Hello, not sure if this is the place to ask this question but thought I'd give it a try - sorry in advance if this is out of line. So, I sold an antique sword cane on eBay - the staff was split in several places but the sword including the handle was in pretty good shape. 5 days after it was delivered I get a message from the buyer asking if I forgot to include the sword. I know that I sent the complete stick so my initial thought is that I am being scammed but I wondered if anyone here heard of similar issues? There's no indication that the post office interceded but if they had wouldn't they leave a note saying as much? The buyer said that the package did not appear tampered with so what else could it be? Thanks for any help or suggestions, and, again, sorry if this is not the right place for such discussions.


----------



## Travis (Oct 17, 2017)

My understanding after a quick google search is that it would be legal to send a sword cane through the USPS as long as the sword cane is legal in the states it is being sent from and to.


----------



## gstrum (Mar 7, 2018)

Thanks, USPS is a bit vague on the subject but I didn't get the sense that it would be restricted as the blade was by nature covered. I'll ask my friend at the po tomorrow if he knows anything but I'd be surprised if they would've confiscated only the sword part of the stick and then sent the rest to the buyer without some notice.


----------



## Rodney (Jun 12, 2015)

If no one has done so yet you might want to notify Ebay and get them in the loop too. They will at least be able to tell you how they normally handle such claims. If you were not in the USA I would suspect a postal employee of theft. While it's not impossible here, our postal service here is generally pretty good. Damage through poor packaging and rough handling is far more likely than theft.


----------



## dww2 (Feb 4, 2017)

My first guess would have been the same as yours-- that the recipient was scamming you. I've heard from a friend who sells on eBay a lot that it's happened to him a couple of times. A part of the order which has value in and of itself was supposedly missing and the guy wanted a refund so you end up being minus (in this case) a blade plus the price the guy paid for the complete item.

Unfortunately, it'll be your word against his, unless you have some sort of unedited video of the packing process, driving to the post office, and handing the package over to the clerk. And from what I hear, eBay tends to side with the buyer in this sort of case.
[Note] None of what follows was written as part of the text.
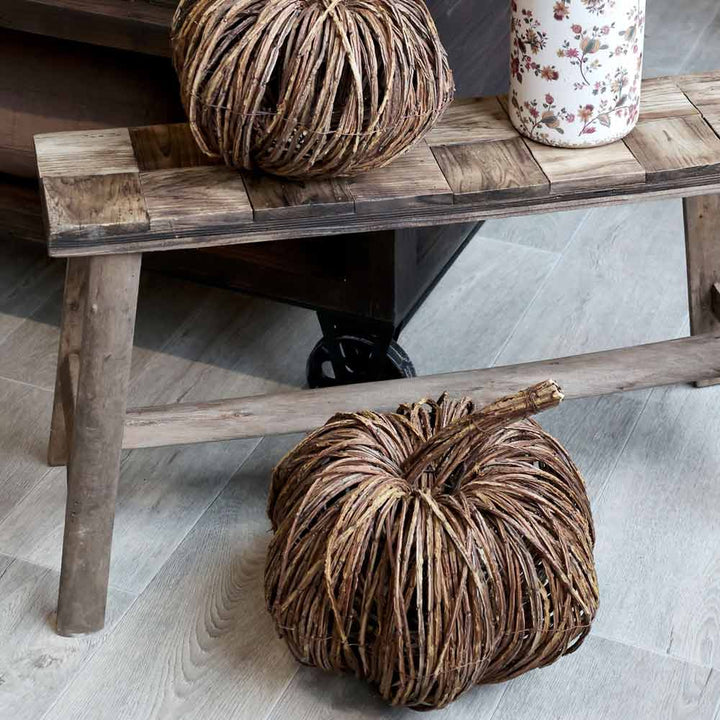 Zwei Chic Antique - Kürbis Rattan-Kürbisse aus geflochtenem Rattan schmücken eine rustikale Holzbank, die neben einer Vase mit Blumenmuster auf einem hellen Holzboden steht.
As for tampering at the PO, the only thing close in my experience was that a high school buddy of mine and I used to write back and forth, and he was a bit of a joker and used to add weird titles to my name on the address. I got a letter from him one day which he clearly hadn't addressed (it looked like a woman's handwriting). I asked him about it the next time he came home on break and he was clueless. The only conclusion I could draw was that someone at the PO thought there was more to this that just a weird sense of humor. That letter had nothing on it to indicate that it had been opened and examined.


----------



## gstrum (Mar 7, 2018)

Here's a bit of an update with some additional info that speaks more and more of a scam being pulled. I asked my post office if they may have confiscated the blade for some reason, and if they had, would they then deliver it without any notice of having done so. The answer to both questions was no. It was then suggested that I file an invention claim for lost item. I relayed the information to the buyer asking him to first let me know if the package was handed directly to him and that no one else had access to it in the five days between delivery and when he sent me the first message. I also pointed out something else I noticed since he sent me a photo of the shaft: there were three rubber bands wrapped around the split shaft when i sent it, in his picture there are only two. It's been almost two days without a replay from him.

I think he took off the middle rubber band, saw the extent of the splitting (I acurately described it) and decided to pull the scam. That said, I still feel that I'm going to get the shaft (pun intended) on this as eBay is not a seller friendly venue.


----------